When I was up front filling in for the receptionist (Paula Dietz), I would lock my office door, but this day it was so quiet in the office until I didn't realize that the part-time R.O.W. man (Larry "Pete" Jones") was also here. I got up to go to put a cup in the garbage when the R.O.W. person startled me when I went to the break room to discard the cup. He was looking in the bottom of the cabinet, which I found to be somewhat unusual to me. I returned to the front, the secretary returned from lunch, not very pleasant at all. She seemed to be upset when I tried to talk to her. She treated me cold that morning. I got up to go to lunch, went into my office, when gathering my purse to leave to go to lunch, I reached for my cold water that I had earlier, in my cup on my desk. I took a swallow of water in my mouth, it started to burn my mouth, I swallow a little enough to make me feel nausea and stomach to hurt. I immediately spit it out, hurried and rinsed out my mouth, swallowed again and still tasted the annoying horrible taste when I swallowed. I was in shock, could not believe that someone actually came into my office and put something in my water. I looked around to see what it could have been.... I looked around my desk, immediately focused on the hand sanitizer that was next to my computer, I opened it, smelled it, smelled the cup of water again, it was clear and smelled the same.

Rec. doc. 12 (Exhibit A [Exhibit 49]).

5. Analysis.

[T]he plaintiff must produce substantial evidence of pretext. The plaintiff must put forward evidence rebutting each of the nondiscriminatory reasons the employer articulates. A plaintiff may establish pretext by showing that a discriminatory motive more likely motivated her employer's decision, such as through evidence of disparate treatment, or that her employer's explanation is unworthy of credence.

Wallace v. Methodist Hosp. System, 271 F.3d 212, 220 (5th Cir. 2001) (Citations, brackets and quotation marks omitted and emphasis added).

We have held that in order for a plaintiff to show disparate treatment, she must demonstrate that the misconduct for which she was discharged was nearly identical to that engaged in by an employee not within her protected class whom the company retained.

Id. at 221 (Citations, brackets and quotation marks omitted).

Bennett does not present any evidence that Consolidated's employees outside of the protected class received evaluations reflecting conduct, for example excessive personal telephone calls, that was nearly identical to Bennett's conduct. If other employees had evaluations demonstrating persistent problems of the type described in Bennett's evaluations, such information was readily discoverable. The Court can only conclude that other employees did not have evaluations describing conduct similar to that found in Bennett's evaluations. Bennett has not produced substantial evidence of pretext. She has not demonstrated that Consolidated's decision to terminate her because of the documented history of tardiness, excessive personal telephone calls, excessive personal visitors and lack of initiative is unworthy of belief.

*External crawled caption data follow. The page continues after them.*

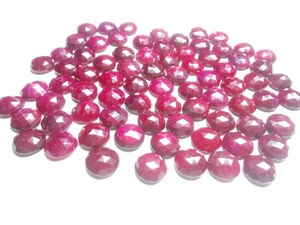พลอยทับทิมธรรมชาติย้อมสีคอรันดัม - Product Image 1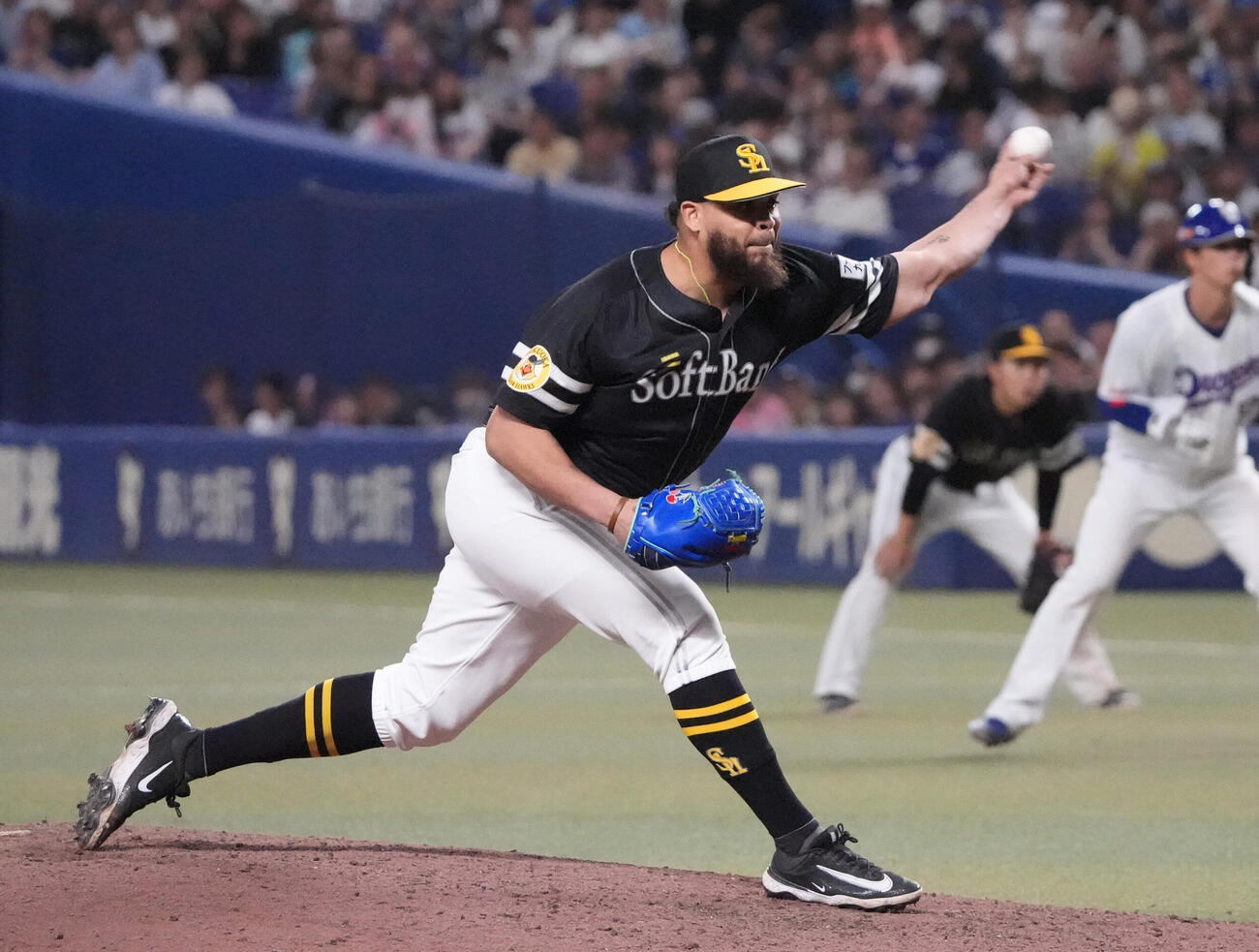 プロ野球交流戦中日対ソフトバンク　6回裏中日1死一、二塁、ソフトバンク3番手で登板するダーウィンゾン・ヘルナンデス（撮影・森本幸一）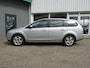 Ford Focus Wagon 1.6-16V Ambiente dit betreft een ruime, technisch goede en complete auto. Van binnen en buiten netjes.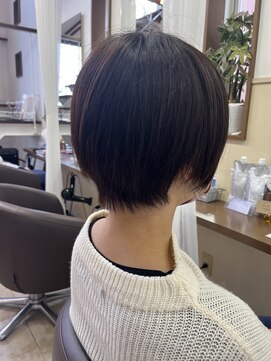 コアフィールフィス(COIFFURE fils) 《見附 今町》丸みショートヘア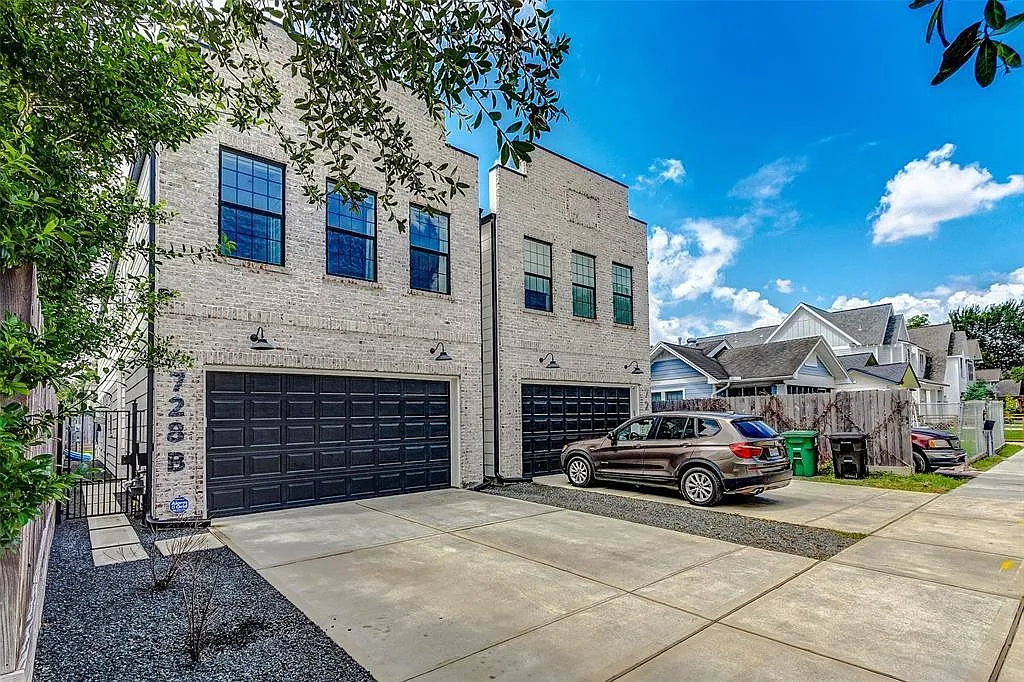 3 bed, 3.5 bath, 2577 sqft, $4,975 — Photo 2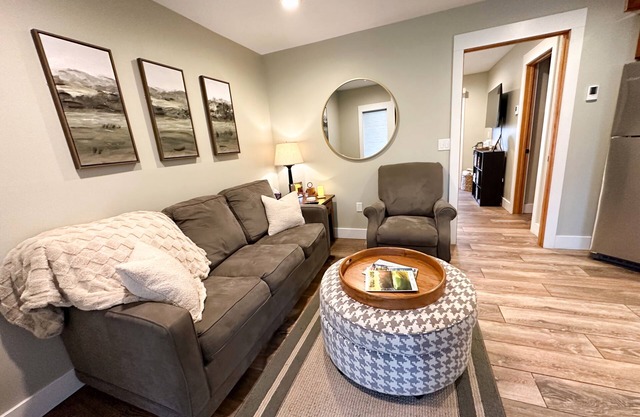 Northern Michigan charm. Close to lakes, boat parking, On the golf course
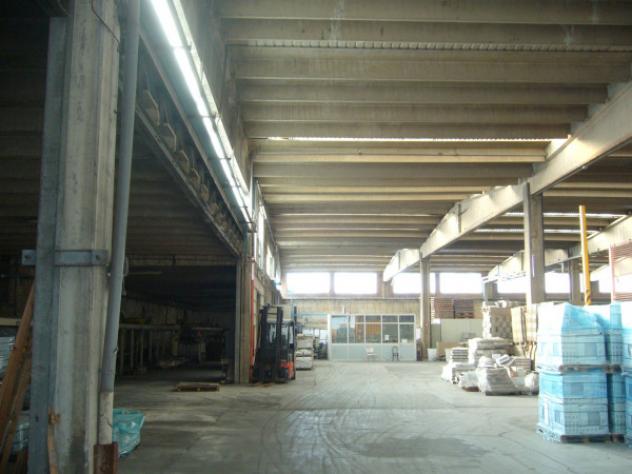 Immobile di 5000 m² con 1 locale in affitto a Casalgrande - Foto 4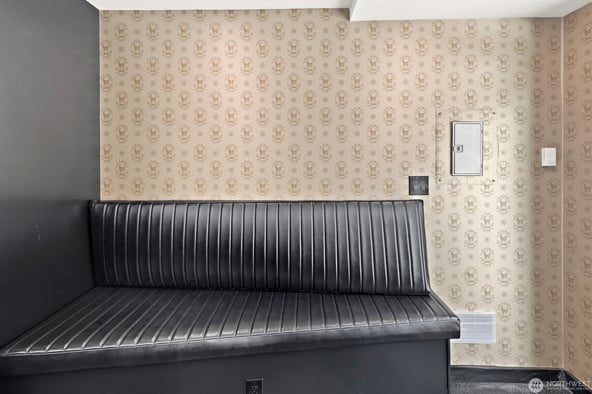 Prime Turnkey Barber Chair Rental in Seattle’s Central District (24th & Cherry) – 3 Chairs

It is not necessary to consider the second reason (Bennett's alleged responsibility for the hand sanitizer incident) or the third reason (misleading the Personnel Committee on the purpose of the June 11, 2012 meeting).


Bennett's Rule 15(b) request for leave to amend is denied. Consolidated's motion for summary judgment is granted as to: 1) the pre-July 6, 2012 incidents; 2) Bennett's retaliation claim; and 3) Bennett's Title VII discrimination claim.

IT IS ORDERED that: (1) Bennett's motion for leave to amend (Rec. doc. 15) is DENIED; and (2) Consolidated's motion for summary judgment (Rec. doc. 12) is GRANTED.